#### Task directions:
Transcribe the records in full; omit images.

START Exercise input

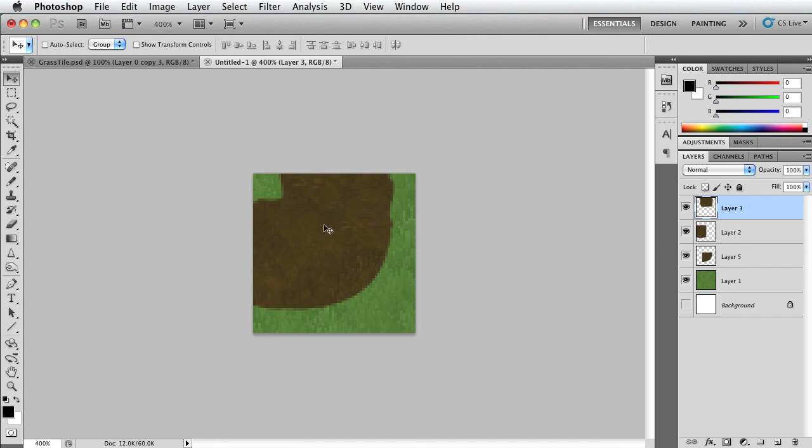All right, so I'll give you access to this Photoshop document. And you also have access to the PNG file of the grass texture. So that's it for this tutorial. I hope you enjoyed it.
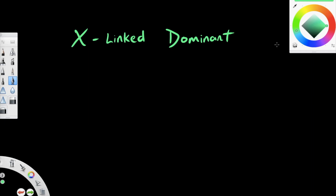Welcome to the video where we're going to talk about X-linked dominant mode of inheritance. It's dominant because the allele we are concerned about is dominant, and it's present in the sex chromosomes — more specifically in the X chromosome. That's why it's called X-linked. We're going to talk about several criteria used to determine whether a mode of inheritance is X-linked dominant when we look at a pedigree.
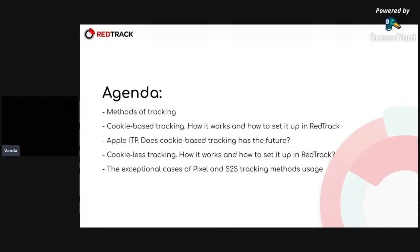And some exceptional cases of pixel and S2S tracking methods usage. At the end of the webinar, you will have some time for your questions if you have any, and I will try to answer them.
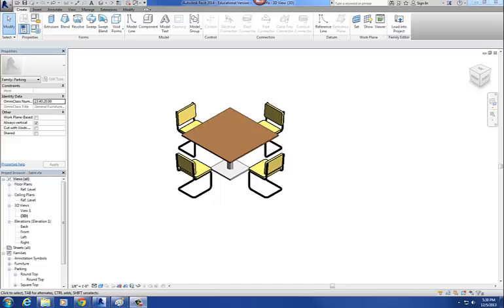In this tutorial I'm going to create what I call a nested type selector. The idea behind the nested type selector is that typically with our families we're able to change materials, we're able to take a geometry and change its size, height, width, depth, all that kind of stuff.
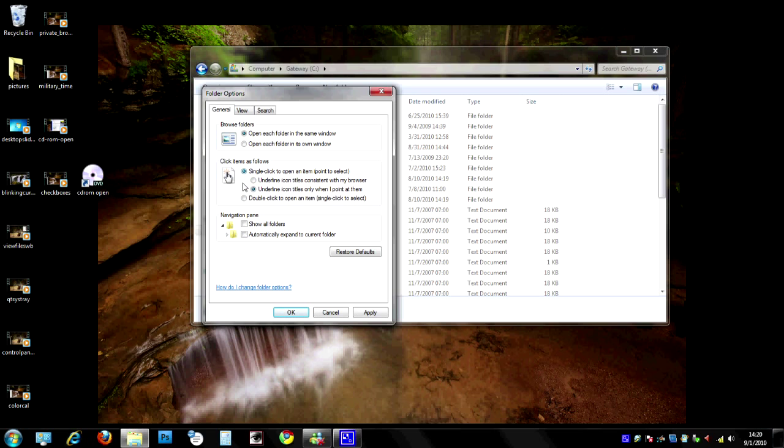Now, once we click that box, we actually have two different options. We can either underline the icon titles consistent with my browser, or we can underline icon titles only when I point at them. This is the option that I normally choose. The underline icon titles only when I point at them, so I don't have a bunch of underline text all over my desktop. Once this is all set,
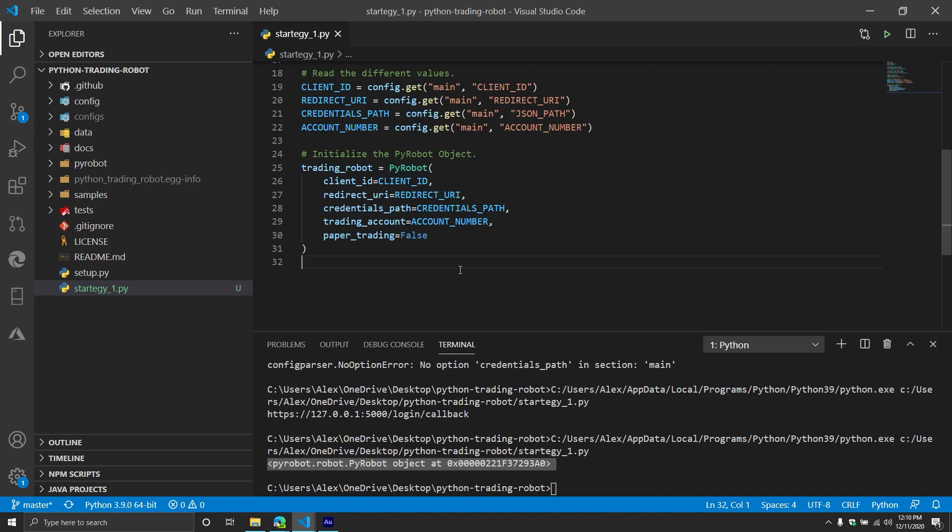All right. So in our next video, we're going to continue writing our script. We're going to show you how to define your trading symbol. We're going to show you how to define a position and then also grab the historical price for that particular position. And then we'll go through calculating the different indicators, leveraging that and then creating a trade and then also putting it probably on a loop. I don't know if we'll get through all of that in the next video, but we'll try to get through as much as we can.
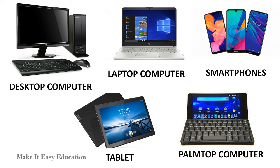Examples of microcomputer are desktop computer, laptop computer, tablet, smartphones, and palmtop computers.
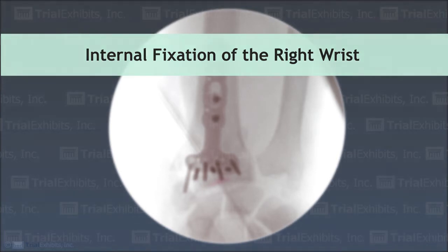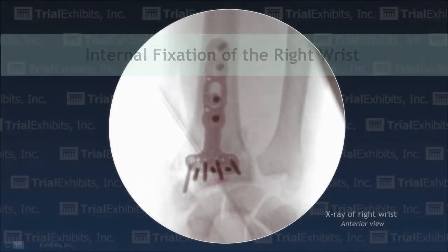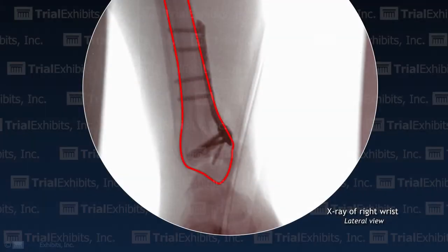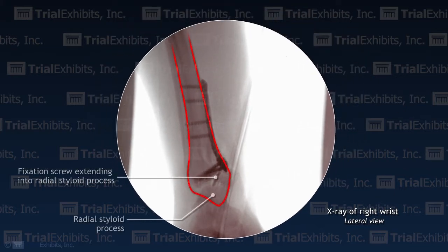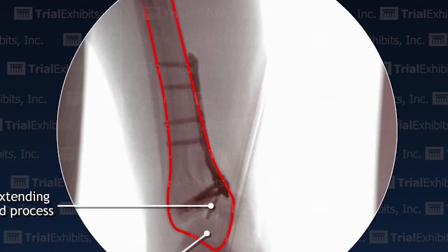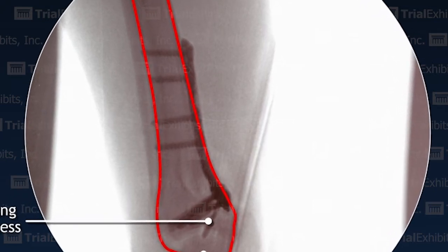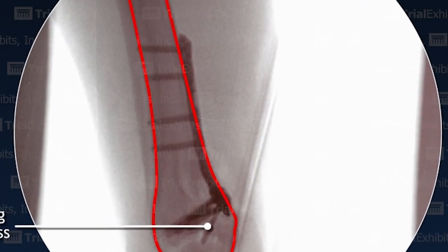A three-dimensional view of the problem our client faced. A difficult challenge in this case while representing a surgeon who repaired the plaintiff's broken wrist: the lateral postoperative x-ray clearly shows that one of the fixation screws penetrates through the bottom of the radius into the joint space. This would seem to be clear-cut evidence of malpractice, but things are not always as they seem.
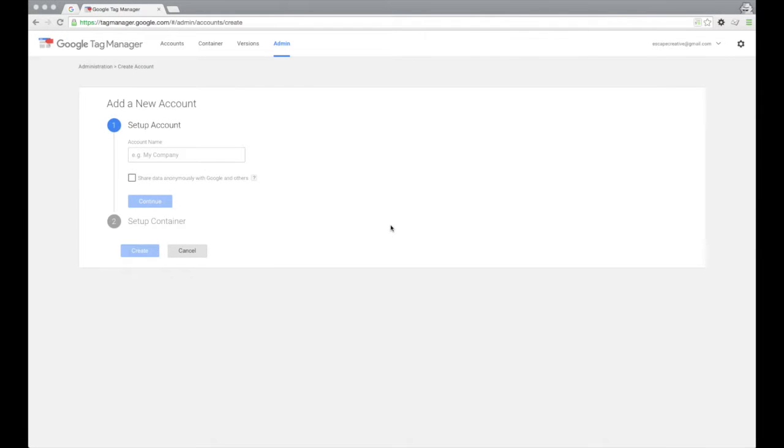Hey guys, so I just wanted to walk you through how to set up and install Google Tag Manager on your WordPress website.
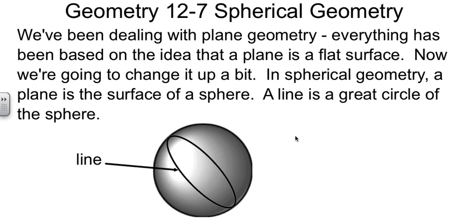This is Geometry, Chapter 12, Section 7, in which we will explore spherical geometry.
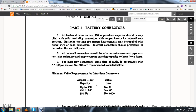Part Three, battery connectors. All lead acid batteries over 450 ampere capacity should be supplied with solid lead alloy connectors with copper inserts. For inter-cell connections, batteries less than 450 ampere capacity must be applied with either wire or solid connectors. Inter-cell connectors should preferably be burned on lead cell posts. All inter-cell connectors should be of corrosion resistant type with low joint resistance and ample current carrying capacity to keep losses down.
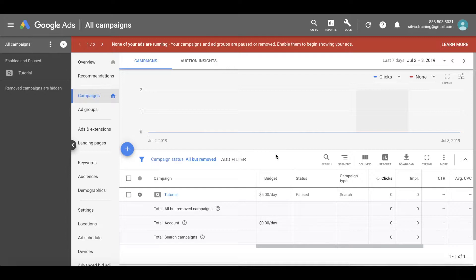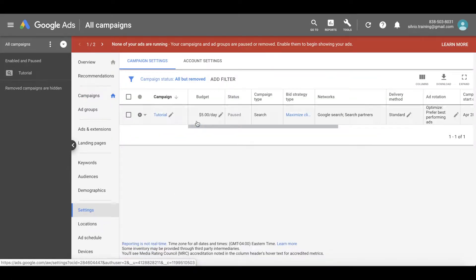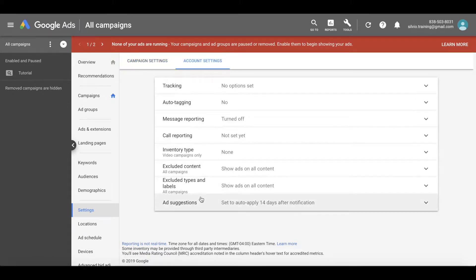To get started, go ahead and hop into your Google Ads campaign overview tab. From here, click on all campaigns on the top left — make sure that's checked. Then from here, we're going to go down to settings, and from settings we're going to click on account settings up here.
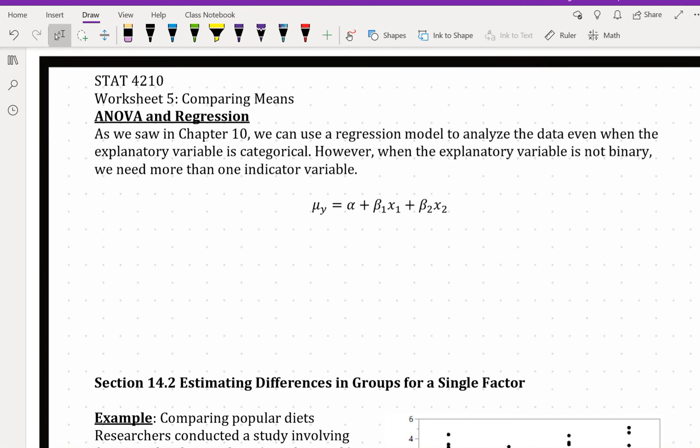I've been making a lot of references back to multiple regression, and we saw in Chapter 10 that the two-sample t-test could be related to regression. As ANOVA is kind of like an extension of the two-sample t-test, it's not that surprising that ANOVA can also be related to regression. We can use a regression model to analyze the data even when we have a categorical variable with more than one level — we just need more than one indicator variable.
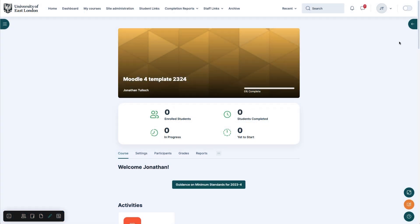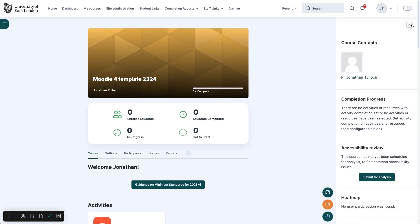As part of the new Moodle template, contacts information for module leaders will automatically appear in the expanding menu on the right.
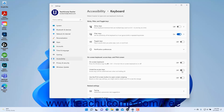To enable or disable using the Print Screen keyboard key to open the Screen Snipping tool in Windows 11, click the Use the Print Screen button to open screen snipping setting button's toggle switch to set it to the on or off position as desired. As noted, based on your other app settings, you may need to restart your computer to apply this change. To close the Settings app window when finished, click the X button in its upper right corner.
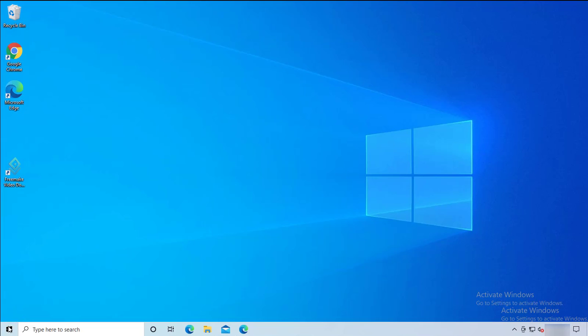That's it — that's how you remove Teams from your Windows 10 computer cleanly. You might not need to reboot, but it's good practice to reboot your computer. Thank you for watching and have a great day.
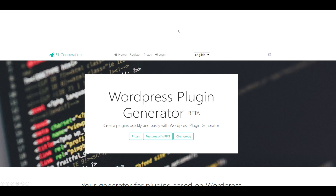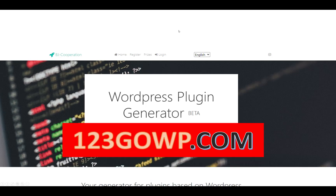Hi! Do you know how to make plugins for WordPress? No? The nearest solution: 123gowp.com WordPress plugin generator.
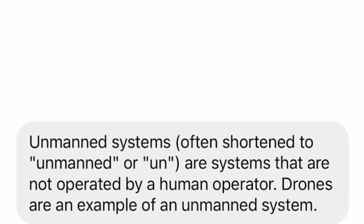Unmanned systems, often shortened to unmanned or UAS, are systems that are not operated by a human operator. Drones are an example of an unmanned system.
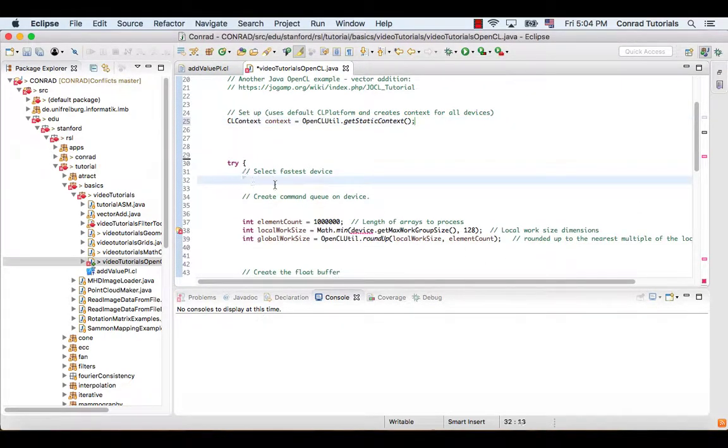And then we select the fastest device by using the function getMaxFlopsDevice.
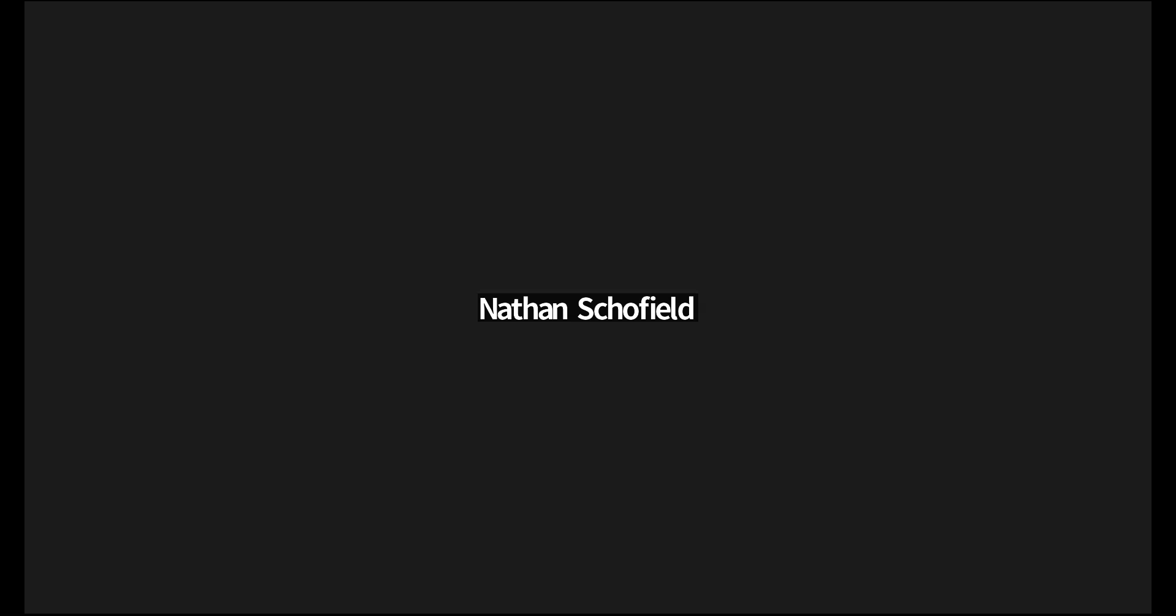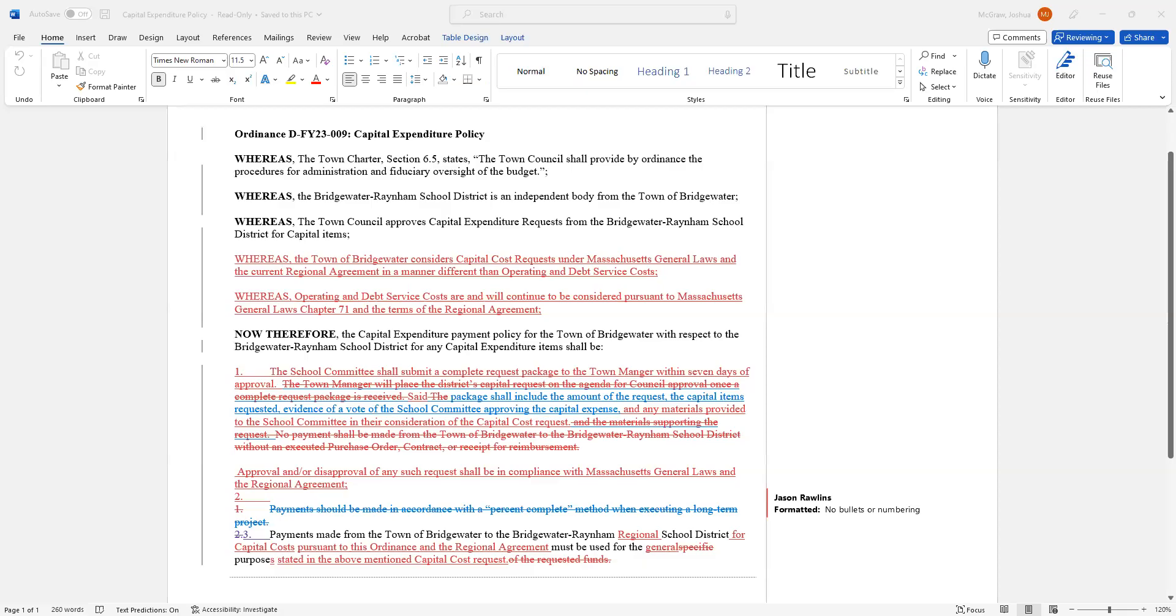So we're going to move on to our old business, which is FY23-009, the capital expenditure policy. At our last meeting, we did discuss this in depth. The big concern that came from two of our committee members, and really all of us, was that the town attorney have a chance to review this wording, this document, making sure we weren't running afoul of the regional agreement. And that the wording was correct. He did do that. Josh, I don't know if you can pop that document up for everybody to see with the town attorney's changes. So as you can see, he did go through it. He did change some of the language in here.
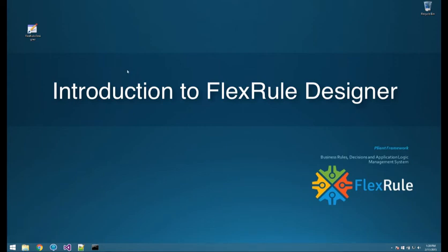Hi, my name is Arash and in this video I'm going to give you a quick introduction to FlexRuDesigner and show you around the product.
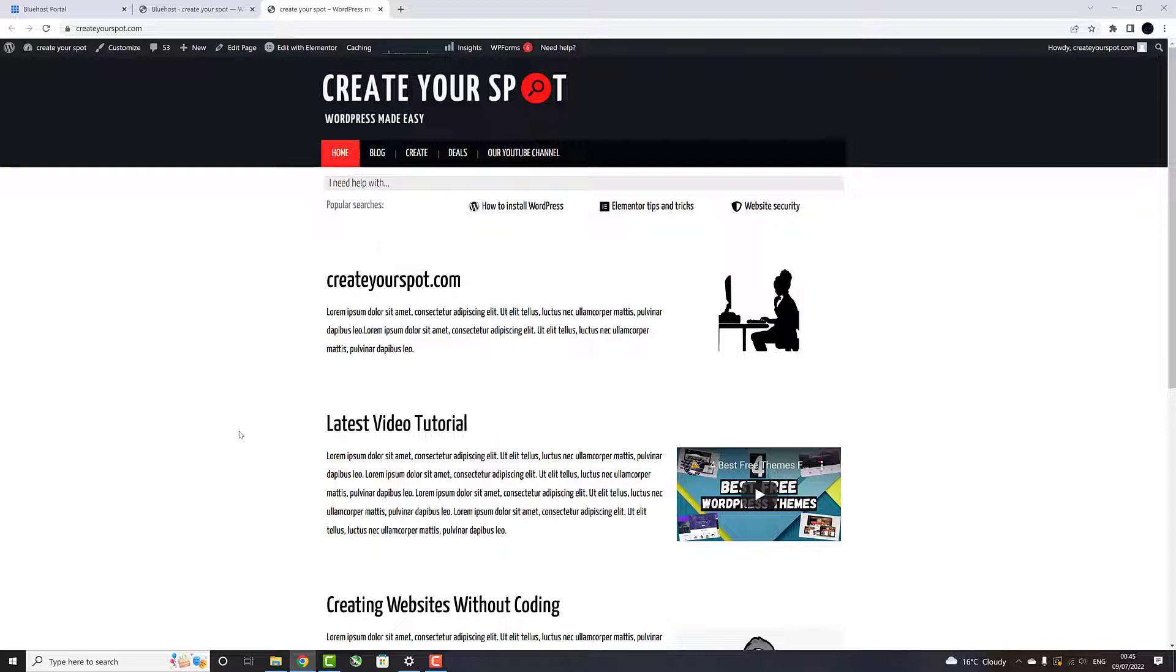By using absolute position feature, you will be able to easily move any elements of your Elementor Page Builder and place it anywhere you want on your website.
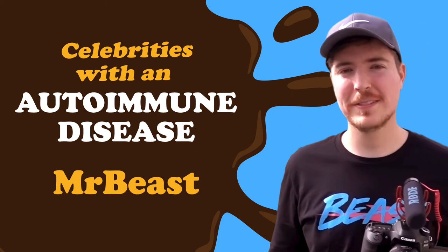Mr Beast, one of the most famous YouTubers, has Crohn's disease. If you have a similar autoimmune disease or just love watching Mr Beast on YouTube, find out how confident he can still be with his illness and why you should watch his channel.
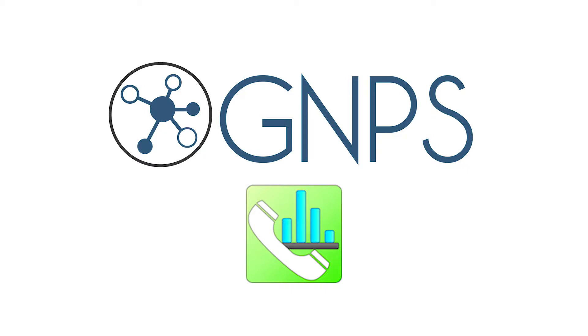LCMS or GCMS data can be used as input. MS-DIAL supports software from various vendors including Agilent, Bruker, Leco, Sciex, Shimadzu, Thermo, and Waters.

END Exercise input

#### Exercise solution:
All right, so I'll give you access to this Photoshop document. And you also have access to the PNG file of the grass texture. So that's it for this tutorial. I hope you enjoyed it.
Welcome to the video where we're going to talk about X-linked dominant mode of inheritance. It's dominant because the allele we are concerned about is dominant, and it's present in the sex chromosomes — more specifically in the X chromosome. That's why it's called X-linked. We're going to talk about several criteria used to determine whether a mode of inheritance is X-linked dominant when we look at a pedigree.
And some exceptional cases of pixel and S2S tracking methods usage. At the end of the webinar, you will have some time for your questions if you have any, and I will try to answer them.
In this tutorial I'm going to create what I call a nested type selector. The idea behind the nested type selector is that typically with our families we're able to change materials, we're able to take a geometry and change its size, height, width, depth, all that kind of stuff.
Now, once we click that box, we actually have two different options. We can either underline the icon titles consistent with my browser, or we can underline icon titles only when I point at them. This is the option that I normally choose. The underline icon titles only when I point at them, so I don't have a bunch of underline text all over my desktop. Once this is all set,
All right. So in our next video, we're going to continue writing our script. We're going to show you how to define your trading symbol. We're going to show you how to define a position and then also grab the historical price for that particular position. And then we'll go through calculating the different indicators, leveraging that and then creating a trade and then also putting it probably on a loop. I don't know if we'll get through all of that in the next video, but we'll try to get through as much as we can.
Examples of microcomputer are desktop computer, laptop computer, tablet, smartphones, and palmtop computers.
A three-dimensional view of the problem our client faced. A difficult challenge in this case while representing a surgeon who repaired the plaintiff's broken wrist: the lateral postoperative x-ray clearly shows that one of the fixation screws penetrates through the bottom of the radius into the joint space. This would seem to be clear-cut evidence of malpractice, but things are not always as they seem.
Hey guys, so I just wanted to walk you through how to set up and install Google Tag Manager on your WordPress website.
This is Geometry, Chapter 12, Section 7, in which we will explore spherical geometry.
Part Three, battery connectors. All lead acid batteries over 450 ampere capacity should be supplied with solid lead alloy connectors with copper inserts. For inter-cell connections, batteries less than 450 ampere capacity must be applied with either wire or solid connectors. Inter-cell connectors should preferably be burned on lead cell posts. All inter-cell connectors should be of corrosion resistant type with low joint resistance and ample current carrying capacity to keep losses down.
To get started, go ahead and hop into your Google Ads campaign overview tab. From here, click on all campaigns on the top left — make sure that's checked. Then from here, we're going to go down to settings, and from settings we're going to click on account settings up here.
I've been making a lot of references back to multiple regression, and we saw in Chapter 10 that the two-sample t-test could be related to regression. As ANOVA is kind of like an extension of the two-sample t-test, it's not that surprising that ANOVA can also be related to regression. We can use a regression model to analyze the data even when we have a categorical variable with more than one level — we just need more than one indicator variable.
As part of the new Moodle template, contacts information for module leaders will automatically appear in the expanding menu on the right.
To enable or disable using the Print Screen keyboard key to open the Screen Snipping tool in Windows 11, click the Use the Print Screen button to open screen snipping setting button's toggle switch to set it to the on or off position as desired. As noted, based on your other app settings, you may need to restart your computer to apply this change. To close the Settings app window when finished, click the X button in its upper right corner.
That's it — that's how you remove Teams from your Windows 10 computer cleanly. You might not need to reboot, but it's good practice to reboot your computer. Thank you for watching and have a great day.
Hi! Do you know how to make plugins for WordPress? No? The nearest solution: 123gowp.com WordPress plugin generator.
Unmanned systems, often shortened to unmanned or UAS, are systems that are not operated by a human operator. Drones are an example of an unmanned system.
And then we select the fastest device by using the function getMaxFlopsDevice.
So we're going to move on to our old business, which is FY23-009, the capital expenditure policy. At our last meeting, we did discuss this in depth. The big concern that came from two of our committee members, and really all of us, was that the town attorney have a chance to review this wording, this document, making sure we weren't running afoul of the regional agreement. And that the wording was correct. He did do that. Josh, I don't know if you can pop that document up for everybody to see with the town attorney's changes. So as you can see, he did go through it. He did change some of the language in here.
Hi, my name is Arash and in this video I'm going to give you a quick introduction to FlexRuDesigner and show you around the product.
By using absolute position feature, you will be able to easily move any elements of your Elementor Page Builder and place it anywhere you want on your website.
Mr Beast, one of the most famous YouTubers, has Crohn's disease. If you have a similar autoimmune disease or just love watching Mr Beast on YouTube, find out how confident he can still be with his illness and why you should watch his channel.
LCMS or GCMS data can be used as input. MS-DIAL supports software from various vendors including Agilent, Bruker, Leco, Sciex, Shimadzu, Thermo, and Waters.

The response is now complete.